You are viewing a plain text version of this content. The canonical link for it is here.
Posted to issues@spark.apache.org by "Marcelo Vanzin (JIRA)" <ji...@apache.org> on 2018/11/01 21:31:00 UTC
[jira] [Created] (SPARK-25920) Avoid custom processing of CLI
options for cluster submission
Marcelo Vanzin created SPARK-25920:
--------------------------------------
Summary: Avoid custom processing of CLI options for cluster submission
Key: SPARK-25920
URL: https://issues.apache.org/jira/browse/SPARK-25920
Project: Spark
Issue Type: Improvement
Components: Spark Submit
Affects Versions: 3.0.0
Reporter: Marcelo Vanzin
In {{SparkSubmit}}, when an app is being submitted in cluster mode, there is currently a lot of code specific to each resource manager to take the {{SparkSubmit}} internals, package them up in a rm-specific set of "command line options", and parse them back into memory when the rm-specific class is invoked.
e.g. for YARN
{code}
// In yarn-cluster mode, use yarn.Client as a wrapper around the user class
if (isYarnCluster) {
childMainClass = YARN_CLUSTER_SUBMIT_CLASS
if (args.isPython) {
childArgs += ("--primary-py-file", args.primaryResource)

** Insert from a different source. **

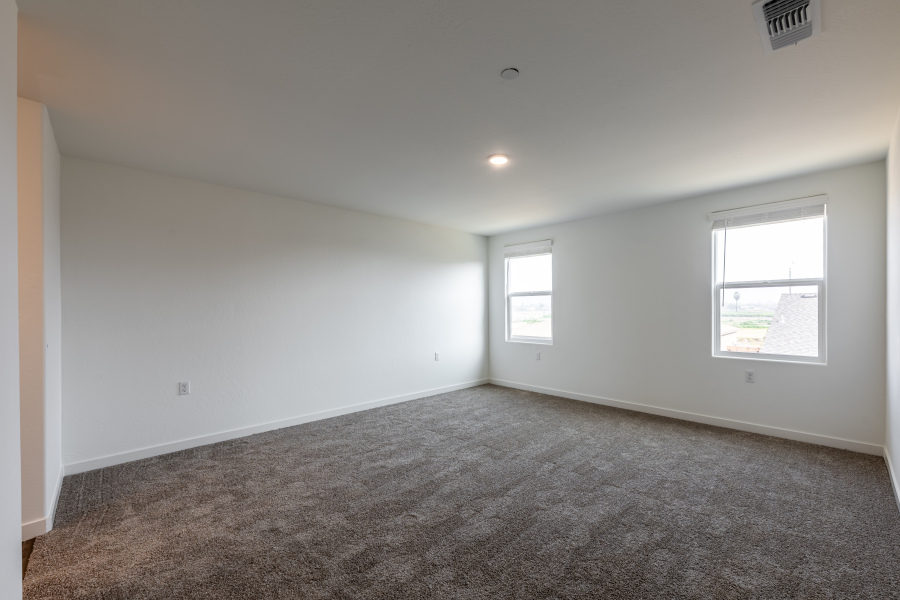 A room with a carpet and windows.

childArgs += ("--class", "org.apache.spark.deploy.PythonRunner")
[blah blah blah]
{code}
For Mesos:
{code}
if (isMesosCluster) {
assert(args.useRest, "Mesos cluster mode is only supported through the REST submission API")
childMainClass = REST_CLUSTER_SUBMIT_CLASS
if (args.isPython) {
// Second argument is main class
childArgs += (args.primaryResource, "")
if (args.pyFiles != null) {
sparkConf.set("spark.submit.pyFiles", args.pyFiles)
}
[blah blah blah]
{code}
For k8s:
{code}
if (isKubernetesCluster) {
childMainClass = KUBERNETES_CLUSTER_SUBMIT_CLASS
if (args.primaryResource != SparkLauncher.NO_RESOURCE) {
if (args.isPython) {
childArgs ++= Array("--primary-py-file", args.primaryResource)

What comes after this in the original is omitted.